The engine of the downed American Lockheed U-2

The engine of the downed American Lockheed U-2 plane piloted by Francis Gary Powers on view in Gorky Park. (RIA Novosti archive, image #35173 / Chernov / CC-BY-SA 3.0 via Wikimedia Commons)

I had a quick riffle through the pages of Wikipedia to find a Public Domain picture of an original U-2 and read briefly that another U-2 was shot down during the Cuban Missile Crisis.   I didn’t managed to teach that part and will have to look it up.   I will also have refresh myself on the clandestine overflights that were carried out by Canberras and RB-45s flown by RAF aircrews (and the RB-45s had RAF markings) a few years previously.

Lockheed U-2A

Lockheed U-2A at the National Museum of the US Air Force

Many years ago I saw a TR-2 (I think it was)  derivative of the U-2 climbing out of RAF Alconbury  and watched as best I could while I was driving down the M11 Motorway at the time. I believe I did see the NMUSAF example (basking in the sun in the picture above)  at Dayton some years ago.   I’m looking forward to going again sometime soon.
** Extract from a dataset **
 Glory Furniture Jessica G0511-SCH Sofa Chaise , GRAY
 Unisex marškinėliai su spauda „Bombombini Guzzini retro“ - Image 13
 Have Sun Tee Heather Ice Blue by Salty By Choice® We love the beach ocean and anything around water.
The Soviet airliner that bombed Japan

The Soviet airliner that bombed Japan

In a very old article in the Kent (or Medway) Evening Post, It was reported  that someone’s garden shed  consisted of a fuselage section from an early operational variant of a  Short Stirling, which had actually participated on several bombing raids on Germany before meeting some unspecified end.  If I find the cutting again I’ll try and track down the date, the serial number of the Stirling  and its operational record.  The recovery of the shed was reported under the headline “It’s the shed that bombed Germany”

In my case, the story goes back to August 1947, and the Soviet Aviation day parade at the Tushino airfield in Moscow.  Western dignitaries and observers were treated to a view of the Soviet Union’s latest strategic bomber, the Tupolev Tu-4, which was revealed to be a virtual clone of the Boeing B-29.  It had been known for some time that the Soviet Union had been trying to duplicate the B-29, three of which had force landed after bombing raids in 1944.  The three machines which flew overhead were immediately assumed to be those B-29s, revived and put into service with the VVS. However their skepticism was cast aside when a fourth aircraft, with the wings, engines and tail assembly of a B-29 attached to a new cylindrical fuselage, flew over the parade.  This aircraft was introduced as the Tu-70.  What had been thought to be impossible had been undertaken – the Soviet aircraft industry had duplicated the B-29.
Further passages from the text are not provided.